Try it: Every line of the listing below should be written out exactly, minus its pictures.

Information provided:
*** Begin section ***

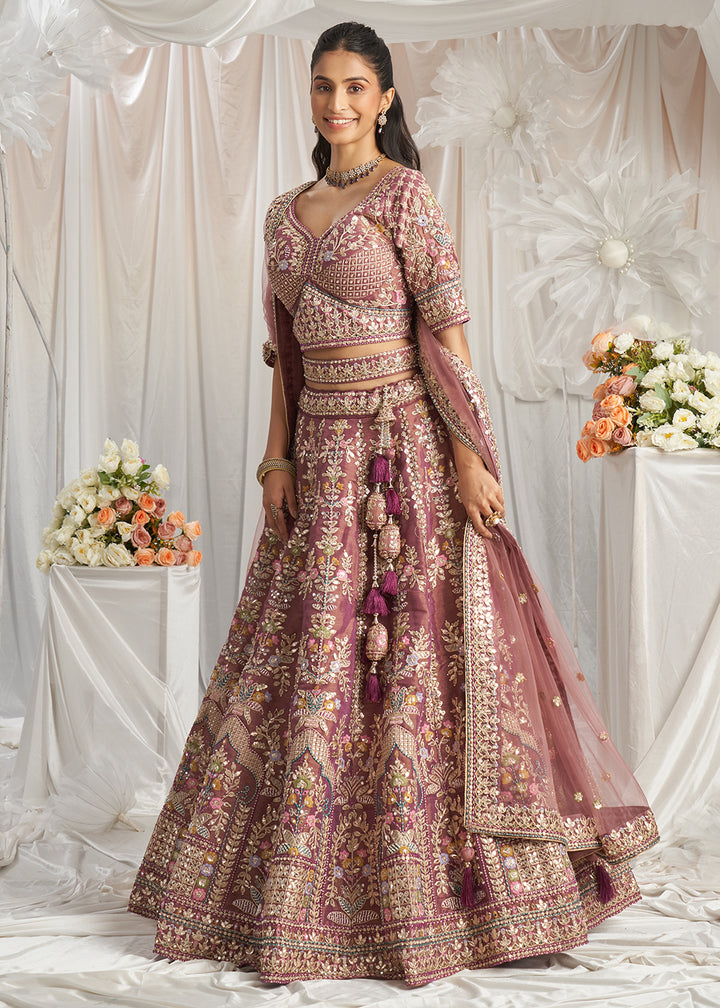 Buy Now Lavender Gota Patti Embroidered Bridal Lehenga Choli Online in USA, UK, Canada, UAE, France, Germany & Worldwide at Empress Clothing.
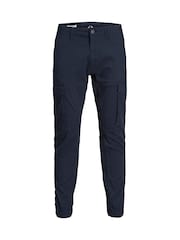 JACK & JONES JUNIOR Blue Cuffed Cargo Trousers - Image 6 of 7
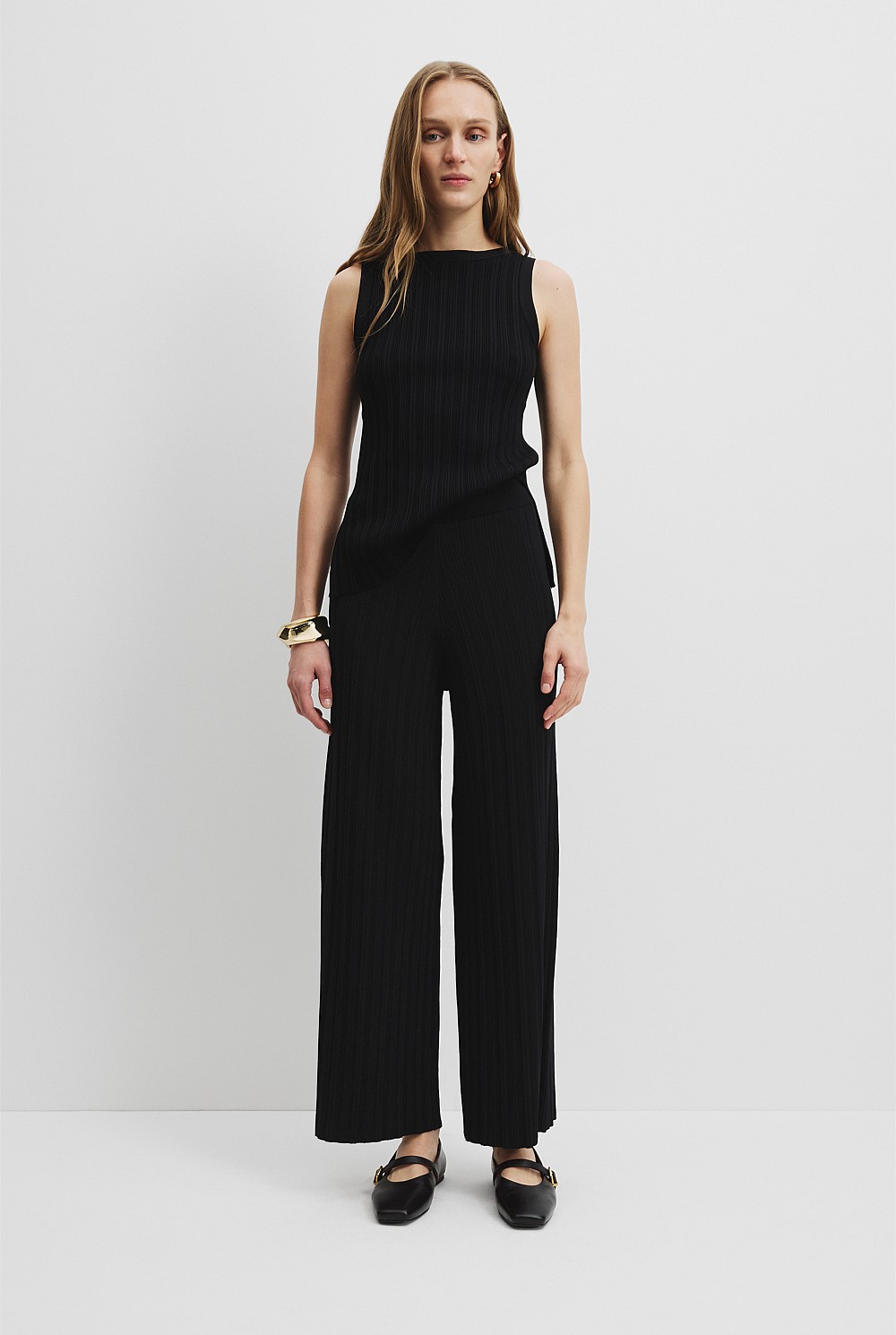 Plisse Rib Knit Pant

*** End section ***

Solved exercise:
 Buy Now Lavender Gota Patti Embroidered Bridal Lehenga Choli Online in USA, UK, Canada, UAE, France, Germany & Worldwide at Empress Clothing.
 JACK & JONES JUNIOR Blue Cuffed Cargo Trousers - Image 6 of 7
 Plisse Rib Knit Pant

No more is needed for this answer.